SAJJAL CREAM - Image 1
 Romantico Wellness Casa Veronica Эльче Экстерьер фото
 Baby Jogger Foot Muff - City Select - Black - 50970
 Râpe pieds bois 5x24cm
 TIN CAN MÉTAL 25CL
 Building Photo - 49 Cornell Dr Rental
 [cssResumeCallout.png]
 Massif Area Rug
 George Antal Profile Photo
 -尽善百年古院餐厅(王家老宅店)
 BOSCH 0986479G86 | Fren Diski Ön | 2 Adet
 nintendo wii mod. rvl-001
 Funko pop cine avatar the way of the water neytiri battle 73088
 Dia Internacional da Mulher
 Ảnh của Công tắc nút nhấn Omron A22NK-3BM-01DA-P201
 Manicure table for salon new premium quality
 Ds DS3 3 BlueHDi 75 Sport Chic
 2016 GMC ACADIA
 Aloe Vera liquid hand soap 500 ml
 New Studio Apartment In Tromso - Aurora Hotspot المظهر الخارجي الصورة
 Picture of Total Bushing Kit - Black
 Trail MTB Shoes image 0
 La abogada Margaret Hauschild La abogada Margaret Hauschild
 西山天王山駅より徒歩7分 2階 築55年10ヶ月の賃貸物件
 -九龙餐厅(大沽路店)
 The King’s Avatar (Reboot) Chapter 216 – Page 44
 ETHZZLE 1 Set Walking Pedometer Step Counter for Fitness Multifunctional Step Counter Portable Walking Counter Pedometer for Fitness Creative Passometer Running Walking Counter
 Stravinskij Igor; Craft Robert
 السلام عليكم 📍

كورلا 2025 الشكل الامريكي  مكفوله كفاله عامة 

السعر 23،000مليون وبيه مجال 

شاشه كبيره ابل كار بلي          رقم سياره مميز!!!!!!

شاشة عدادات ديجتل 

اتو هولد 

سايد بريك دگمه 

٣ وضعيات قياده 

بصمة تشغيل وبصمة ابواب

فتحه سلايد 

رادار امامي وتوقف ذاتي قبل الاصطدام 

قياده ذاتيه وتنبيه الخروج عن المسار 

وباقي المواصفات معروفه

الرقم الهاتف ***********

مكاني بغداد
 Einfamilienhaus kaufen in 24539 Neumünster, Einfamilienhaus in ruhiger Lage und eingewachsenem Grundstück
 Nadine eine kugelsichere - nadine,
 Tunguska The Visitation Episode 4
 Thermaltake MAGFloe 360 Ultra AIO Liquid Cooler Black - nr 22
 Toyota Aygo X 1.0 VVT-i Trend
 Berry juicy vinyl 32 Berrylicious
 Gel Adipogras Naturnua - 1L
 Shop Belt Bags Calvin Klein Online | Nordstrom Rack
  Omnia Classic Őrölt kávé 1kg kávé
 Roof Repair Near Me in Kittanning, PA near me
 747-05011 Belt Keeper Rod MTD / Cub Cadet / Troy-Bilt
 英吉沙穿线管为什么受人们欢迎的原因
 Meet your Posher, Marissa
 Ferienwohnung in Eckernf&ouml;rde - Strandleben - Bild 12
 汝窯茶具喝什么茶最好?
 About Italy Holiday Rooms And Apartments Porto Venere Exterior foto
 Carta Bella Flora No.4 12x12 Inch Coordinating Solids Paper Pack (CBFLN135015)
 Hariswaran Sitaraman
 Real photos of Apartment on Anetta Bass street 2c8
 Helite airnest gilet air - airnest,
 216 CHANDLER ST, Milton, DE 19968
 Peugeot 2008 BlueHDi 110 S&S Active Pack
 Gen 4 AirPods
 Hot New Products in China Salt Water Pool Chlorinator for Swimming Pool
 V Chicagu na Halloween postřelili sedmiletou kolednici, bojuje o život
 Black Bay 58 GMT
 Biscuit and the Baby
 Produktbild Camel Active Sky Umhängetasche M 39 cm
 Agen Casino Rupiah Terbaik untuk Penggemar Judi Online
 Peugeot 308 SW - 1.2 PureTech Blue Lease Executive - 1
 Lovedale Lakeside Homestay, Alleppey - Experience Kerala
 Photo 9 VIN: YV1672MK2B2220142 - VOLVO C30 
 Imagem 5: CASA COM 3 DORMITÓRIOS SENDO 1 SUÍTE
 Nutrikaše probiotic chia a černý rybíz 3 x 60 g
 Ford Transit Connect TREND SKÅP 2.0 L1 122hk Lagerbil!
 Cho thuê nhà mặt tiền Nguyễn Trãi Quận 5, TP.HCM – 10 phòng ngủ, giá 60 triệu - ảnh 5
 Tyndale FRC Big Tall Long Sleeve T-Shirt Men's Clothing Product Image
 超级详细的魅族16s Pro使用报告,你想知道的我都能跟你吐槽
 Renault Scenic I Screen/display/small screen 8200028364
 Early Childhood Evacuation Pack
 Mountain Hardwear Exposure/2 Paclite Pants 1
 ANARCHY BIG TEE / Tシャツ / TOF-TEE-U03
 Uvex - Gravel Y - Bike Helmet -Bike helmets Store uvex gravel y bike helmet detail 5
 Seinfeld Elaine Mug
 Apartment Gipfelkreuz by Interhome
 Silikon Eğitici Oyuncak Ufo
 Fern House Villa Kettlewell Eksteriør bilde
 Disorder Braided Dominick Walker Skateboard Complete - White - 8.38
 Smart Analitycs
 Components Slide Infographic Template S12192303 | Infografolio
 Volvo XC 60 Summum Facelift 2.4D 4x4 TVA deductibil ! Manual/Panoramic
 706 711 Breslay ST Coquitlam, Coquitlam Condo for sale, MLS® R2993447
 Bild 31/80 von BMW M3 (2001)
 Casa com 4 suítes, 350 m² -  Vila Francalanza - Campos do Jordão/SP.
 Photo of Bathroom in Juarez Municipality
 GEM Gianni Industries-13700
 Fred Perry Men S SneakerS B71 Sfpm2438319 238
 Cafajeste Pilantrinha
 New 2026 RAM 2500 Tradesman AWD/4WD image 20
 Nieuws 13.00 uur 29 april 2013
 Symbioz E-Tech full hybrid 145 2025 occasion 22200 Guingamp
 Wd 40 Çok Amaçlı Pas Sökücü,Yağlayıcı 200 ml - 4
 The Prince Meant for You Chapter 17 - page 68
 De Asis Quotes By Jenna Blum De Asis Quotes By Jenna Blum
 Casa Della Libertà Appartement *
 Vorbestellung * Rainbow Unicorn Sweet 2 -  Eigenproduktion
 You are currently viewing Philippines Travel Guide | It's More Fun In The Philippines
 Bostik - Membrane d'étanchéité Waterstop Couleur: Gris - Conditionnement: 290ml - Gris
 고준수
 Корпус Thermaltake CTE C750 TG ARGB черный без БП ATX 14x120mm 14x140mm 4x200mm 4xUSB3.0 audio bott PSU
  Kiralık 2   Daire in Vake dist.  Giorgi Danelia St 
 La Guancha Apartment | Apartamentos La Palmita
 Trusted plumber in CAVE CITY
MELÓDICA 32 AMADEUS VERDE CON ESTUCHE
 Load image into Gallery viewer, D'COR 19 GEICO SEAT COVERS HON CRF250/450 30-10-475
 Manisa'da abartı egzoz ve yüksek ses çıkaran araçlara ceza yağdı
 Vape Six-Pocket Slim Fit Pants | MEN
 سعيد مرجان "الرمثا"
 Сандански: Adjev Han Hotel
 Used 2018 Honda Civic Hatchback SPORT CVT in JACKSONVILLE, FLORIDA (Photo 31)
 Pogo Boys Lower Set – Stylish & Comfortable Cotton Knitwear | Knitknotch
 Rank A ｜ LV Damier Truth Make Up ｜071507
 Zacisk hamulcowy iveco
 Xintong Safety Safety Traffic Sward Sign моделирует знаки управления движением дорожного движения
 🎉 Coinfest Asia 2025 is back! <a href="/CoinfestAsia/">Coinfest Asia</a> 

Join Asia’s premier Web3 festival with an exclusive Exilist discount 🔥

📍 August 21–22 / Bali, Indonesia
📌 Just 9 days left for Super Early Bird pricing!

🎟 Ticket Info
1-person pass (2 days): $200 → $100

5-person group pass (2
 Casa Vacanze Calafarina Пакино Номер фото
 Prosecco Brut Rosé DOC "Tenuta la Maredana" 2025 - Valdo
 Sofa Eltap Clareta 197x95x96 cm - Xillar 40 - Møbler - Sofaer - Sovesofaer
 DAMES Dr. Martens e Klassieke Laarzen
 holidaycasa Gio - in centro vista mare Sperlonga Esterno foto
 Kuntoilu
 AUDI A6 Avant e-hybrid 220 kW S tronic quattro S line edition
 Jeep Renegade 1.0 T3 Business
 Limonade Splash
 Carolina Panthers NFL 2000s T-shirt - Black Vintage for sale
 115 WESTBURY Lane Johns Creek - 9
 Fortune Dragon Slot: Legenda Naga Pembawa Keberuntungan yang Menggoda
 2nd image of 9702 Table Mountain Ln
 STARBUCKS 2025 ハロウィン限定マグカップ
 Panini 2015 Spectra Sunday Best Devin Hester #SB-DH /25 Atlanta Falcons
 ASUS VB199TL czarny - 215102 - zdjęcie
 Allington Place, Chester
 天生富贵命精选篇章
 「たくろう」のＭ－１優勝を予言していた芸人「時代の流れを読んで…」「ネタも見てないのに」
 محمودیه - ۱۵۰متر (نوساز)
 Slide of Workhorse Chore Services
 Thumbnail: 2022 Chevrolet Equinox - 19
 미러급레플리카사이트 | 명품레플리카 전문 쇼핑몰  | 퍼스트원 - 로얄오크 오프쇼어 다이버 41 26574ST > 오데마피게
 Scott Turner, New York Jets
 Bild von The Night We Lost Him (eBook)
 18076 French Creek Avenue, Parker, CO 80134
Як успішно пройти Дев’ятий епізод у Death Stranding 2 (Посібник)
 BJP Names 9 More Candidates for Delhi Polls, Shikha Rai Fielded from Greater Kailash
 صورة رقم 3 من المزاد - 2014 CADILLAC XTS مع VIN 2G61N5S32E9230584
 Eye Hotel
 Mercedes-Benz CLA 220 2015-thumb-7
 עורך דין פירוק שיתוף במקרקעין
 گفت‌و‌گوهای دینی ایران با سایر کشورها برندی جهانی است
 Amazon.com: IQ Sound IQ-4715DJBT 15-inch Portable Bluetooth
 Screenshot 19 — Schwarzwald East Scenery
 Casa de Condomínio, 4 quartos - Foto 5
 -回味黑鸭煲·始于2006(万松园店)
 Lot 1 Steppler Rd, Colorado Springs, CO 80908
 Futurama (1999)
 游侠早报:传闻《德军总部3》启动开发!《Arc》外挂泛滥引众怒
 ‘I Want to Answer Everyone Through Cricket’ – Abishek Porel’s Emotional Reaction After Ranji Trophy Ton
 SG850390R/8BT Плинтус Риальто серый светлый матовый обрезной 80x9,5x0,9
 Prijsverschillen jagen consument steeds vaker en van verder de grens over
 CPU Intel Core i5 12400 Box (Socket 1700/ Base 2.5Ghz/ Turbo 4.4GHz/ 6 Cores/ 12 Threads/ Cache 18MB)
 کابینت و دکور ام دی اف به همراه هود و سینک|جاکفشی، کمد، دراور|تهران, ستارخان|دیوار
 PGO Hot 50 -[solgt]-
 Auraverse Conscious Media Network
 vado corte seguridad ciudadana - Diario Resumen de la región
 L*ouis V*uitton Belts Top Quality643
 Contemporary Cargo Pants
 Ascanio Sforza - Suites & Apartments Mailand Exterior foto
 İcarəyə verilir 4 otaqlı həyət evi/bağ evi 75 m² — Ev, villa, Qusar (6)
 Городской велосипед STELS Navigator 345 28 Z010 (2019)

────────────────────

- _Work task_
Where the line holding "Hariswaran Sitaraman" appears in the listing above, start reproducing exactly, and end with the line holding "Ford Transit Connect".

- _Exercise answer_
 Hariswaran Sitaraman
 Real photos of Apartment on Anetta Bass street 2c8
 Helite airnest gilet air - airnest,
 216 CHANDLER ST, Milton, DE 19968
 Peugeot 2008 BlueHDi 110 S&S Active Pack
 Gen 4 AirPods
 Hot New Products in China Salt Water Pool Chlorinator for Swimming Pool
 V Chicagu na Halloween postřelili sedmiletou kolednici, bojuje o život
 Black Bay 58 GMT
 Biscuit and the Baby
 Produktbild Camel Active Sky Umhängetasche M 39 cm
 Agen Casino Rupiah Terbaik untuk Penggemar Judi Online
 Peugeot 308 SW - 1.2 PureTech Blue Lease Executive - 1
 Lovedale Lakeside Homestay, Alleppey - Experience Kerala
 Photo 9 VIN: YV1672MK2B2220142 - VOLVO C30 
 Imagem 5: CASA COM 3 DORMITÓRIOS SENDO 1 SUÍTE
 Nutrikaše probiotic chia a černý rybíz 3 x 60 g
 Ford Transit Connect TREND SKÅP 2.0 L1 122hk Lagerbil!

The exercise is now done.